Wednesday, September 11, 2013

This year's 9/11 post

It's always interesting to read people's "where were you on 9/11" stories. Seeing how they intersect, or how the same experience was so different for different people.

I've mentioned before how I feel about this day. It never changes. I avoid the news, I immediately turn away from pictures. I can't even bring myself to attend the memorial events. But when people post the "where were you on that Tuesday morning" posts on Facebook or Twitter or message boards, I'm drawn to them.

On one Navy message board I'm still on, its been fascinating today to read everyone's stories, see the connections made that people hadn't realized (because the veil of anonymity on the interwebz and everything), get chills from various stories. Like the guy who was on deployment overseas and a German ship asked to pass alongside, and when they did, all their folks were in dress uniform holding a big sign that said "We stand with you." Perhaps it just takes me back to that feeling I know many of us had that day, once the fear and panic subsided. Yes, there was uncertainty and more fear and all that goes along with the loss of control for OCD control freaks like me. But there was also a feeling of togetherness, of common sympathy and empathy, of love and concern for each other that I'm not sure has really been felt since, except maybe almost after Newtown. That feeling that nothing else was important at that moment except the desire to heal, altogether, from the same horrible incident.

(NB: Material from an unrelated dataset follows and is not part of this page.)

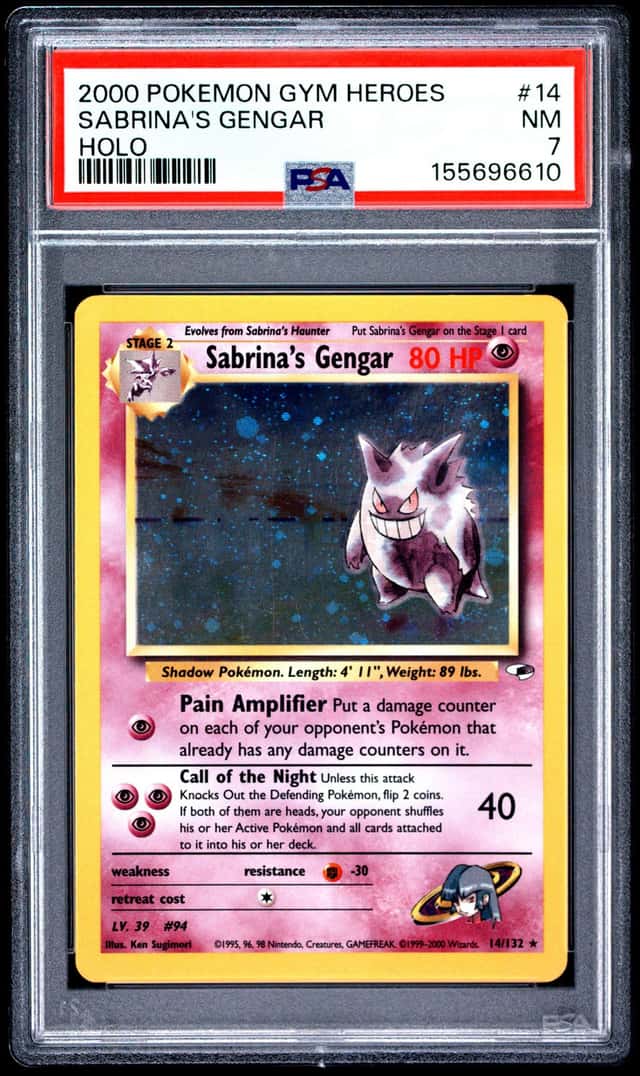 2000 POKEMON GYM HEROES HOLO #14 SABRINA'S GENGAR PSA 7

I will forever be grateful for my Daddy's dentist for running behind that morning, because otherwise, he would have been in the exact area of the Pentagon that was hit. In fact, he would have been in the same meeting with several of the people who were killed. One of my classmates will be forever grateful that his relative on the NYFD chose that day as his first personal day in many years and was playing golf instead of responding with his ladder to the first tower to be hit - the whole ladder was lost. Another was thankful that one of their loved ones had missed a flight that morning, because that plane was one of the 4. And there are so many more other stories - the planes that were not even half full, the section of the Pentagon that was nowhere near full capacity because it had just been renovated and offices hadn't moved back in yet, random stories of people running late, or taking a sick day, or whatever.

I've posted my thoughts on religion before too, so I'm not gonna get into that now. But I do want to say that there is no way for me to hear about all of these close calls, all of these circumstances that made the casualty number that day SO much lower than it could have been, and NOT believe that there is a higher power out there looking out for us and working in amazing ways. I need to do better to remember that more often.

I know that all of my paragraphs don't link together very well in this post. But that's OK. These words are my diary and all that :) Even 12 years later, this day is still confusing. There are still emotions that don't make sense, and seem jumbled together. So it only makes sense that my thoughts are too. And that's OK. Because like my new friend Miranda says, when its your blog, you get to make the rules!